As parents, we often suppress our true feelings. Do you let your toddler know you’re aggravated when he freaks out about his milk being in a blue cup instead of a red one? Have you ever told your kid what you really think of her artwork? Did you ever tell your nine-year old that you don’t really love Ironman? Perhaps you mentioned to your teenage son that his hockey games are making you resent winter?
No, you haven’t. Let’s face it: As parents, we often keep our sanity by faking it. “You want the red cup, honey? This blue one won’t work for you? No problem, sweetheart!” you say through gritted teeth.
But you might want to wipe that fake smile off your face, because a new University of Toronto study, published in the March issue of Personality and Social Psychology Bulletin, says parents who bury their negative emotions and amplify their positive ones during interactions with their children may end up feeling bad about themselves. Parents in the study reported experiencing decreased emotional well-being, relationship quality, authenticity and responsiveness to their kids’ needs. Otherwise put: Burying your anger and exaggerating your happiness while taking care of your kids has negative effects on you.
For me, I’ve found that there has to be a happy medium. There are lots of times when I put on my happy face for my kids, despite what may be going on inside my head. Usually, that’s the only way I can deal with sick kids or children in the throes of a homework debacle or just make it until bedtime. Let’s call it the “happy-face emoji style of parenting”: When dealing with a difficult situation, you just send some happy faces their way.

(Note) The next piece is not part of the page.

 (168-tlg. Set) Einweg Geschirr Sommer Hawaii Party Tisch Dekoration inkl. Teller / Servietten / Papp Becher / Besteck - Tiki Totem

Modelling emotional regulation is an important part of parenting, as is showing kids that even bad situations can have positive outcomes. I’m not a “glass half full” kind of person, but even I can recognize that faking positivity in some situations is a good idea. Going against my cynical nature doesn’t make me feel bad about myself; it makes me feel like I’m teaching my kids a good lesson.
Of course, parents sometimes feel bad about themselves after interacting with their kids, but the reasons are complicated. My pop psychology 101 take on this study is that people who cover up or exaggerate all their true emotions probably don’t feel great about themselves already, whether they are parents or not.